▶ **GIVEN DATA**
::::
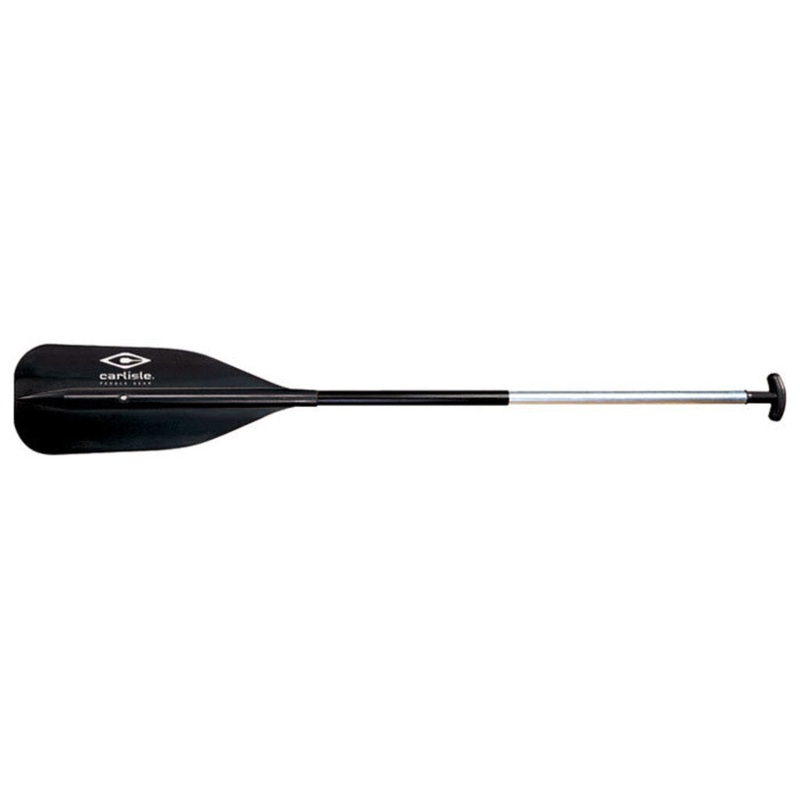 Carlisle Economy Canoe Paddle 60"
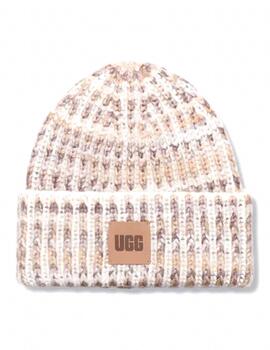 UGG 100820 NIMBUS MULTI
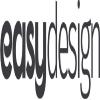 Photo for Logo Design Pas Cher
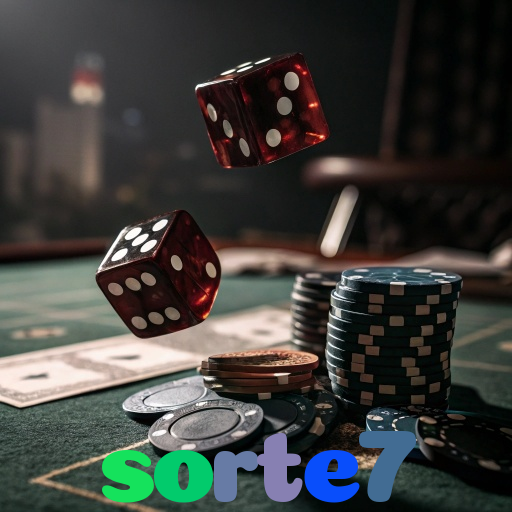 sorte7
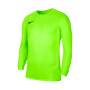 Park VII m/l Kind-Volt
::::
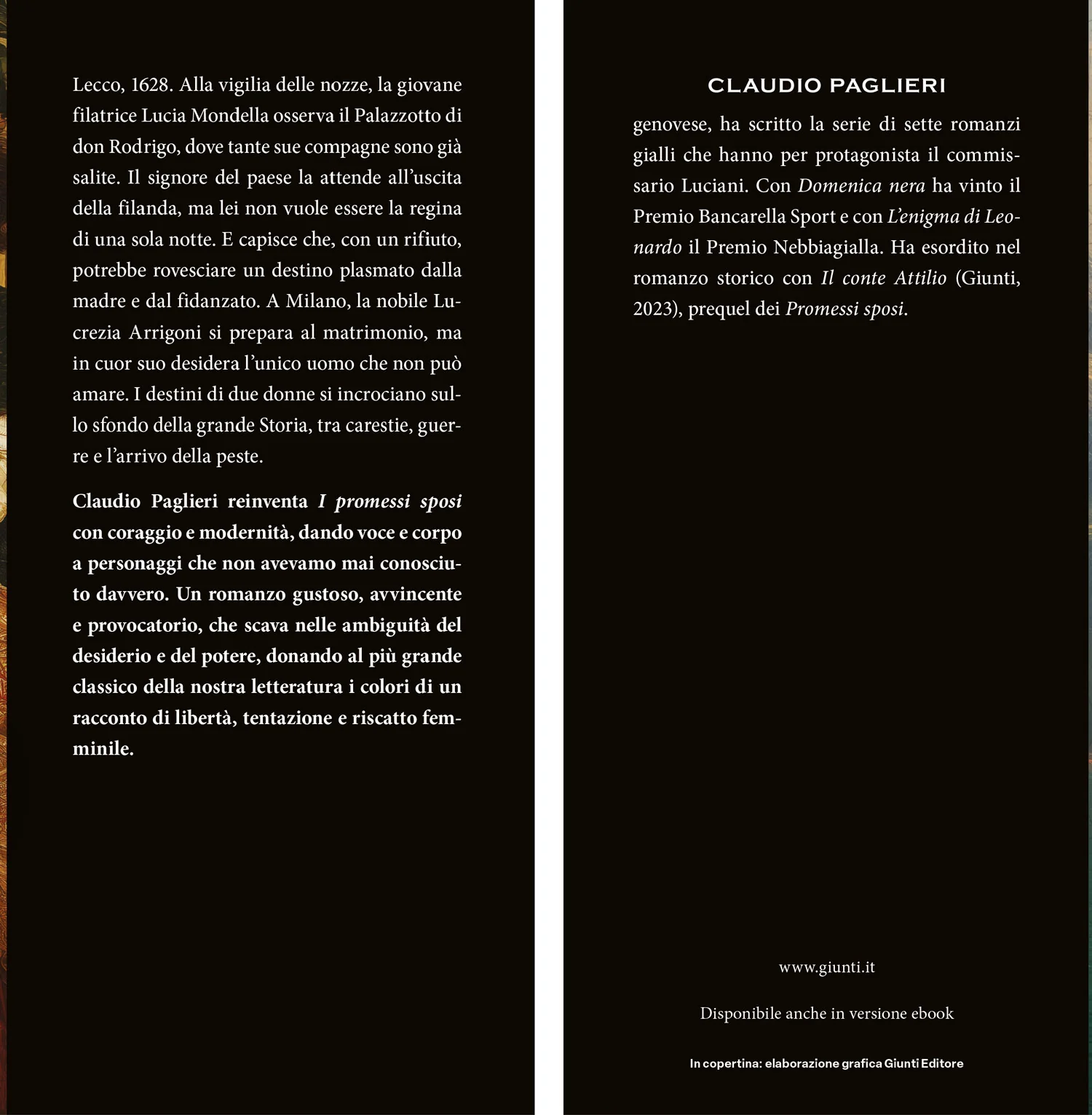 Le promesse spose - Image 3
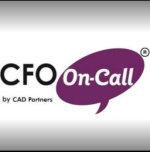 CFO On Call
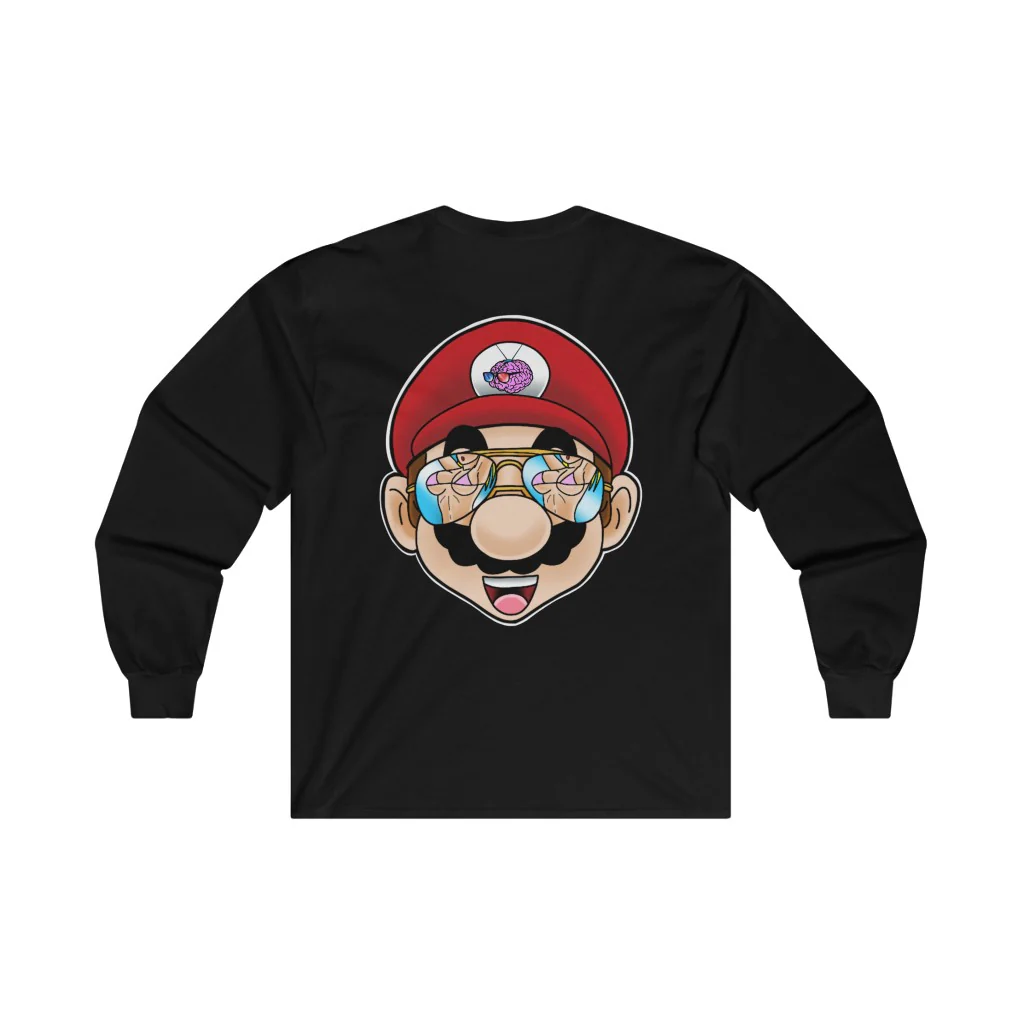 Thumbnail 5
::::
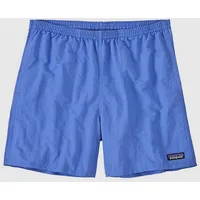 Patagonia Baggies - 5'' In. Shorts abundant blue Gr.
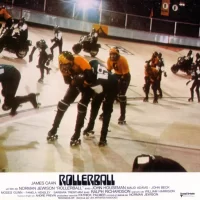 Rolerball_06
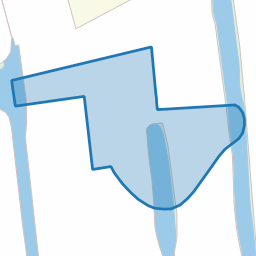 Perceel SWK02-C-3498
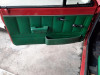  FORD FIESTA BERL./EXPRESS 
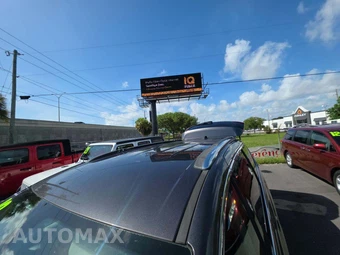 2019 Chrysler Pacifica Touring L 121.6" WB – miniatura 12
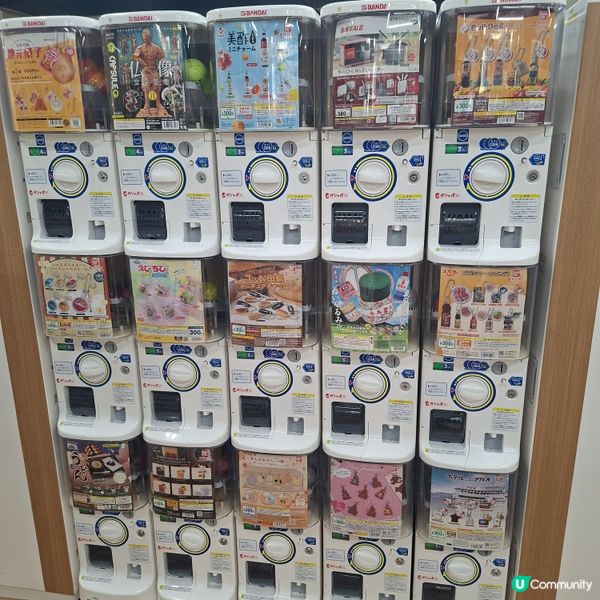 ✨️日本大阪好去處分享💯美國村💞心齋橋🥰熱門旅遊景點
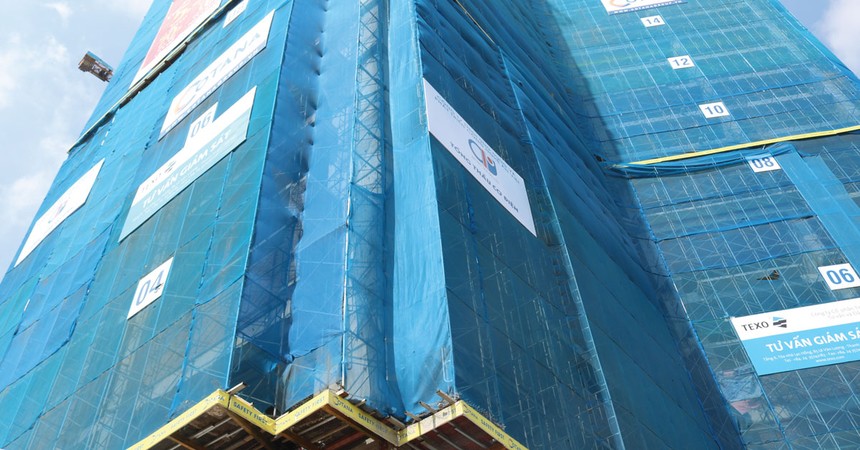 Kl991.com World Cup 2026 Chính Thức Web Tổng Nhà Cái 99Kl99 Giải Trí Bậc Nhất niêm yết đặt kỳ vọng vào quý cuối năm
::::
▶ **WORK ITEM**
Look back over the records above. Reproduce exactly everything from the line with "Carlisle Economy Canoe" down to the line with "Park VII m/l Kind-Volt", inclusive, and leave the pictures out.

▶ **RESULT OF THIS EXERCISE**
 Carlisle Economy Canoe Paddle 60"
 UGG 100820 NIMBUS MULTI
 Photo for Logo Design Pas Cher
 sorte7
 Park VII m/l Kind-Volt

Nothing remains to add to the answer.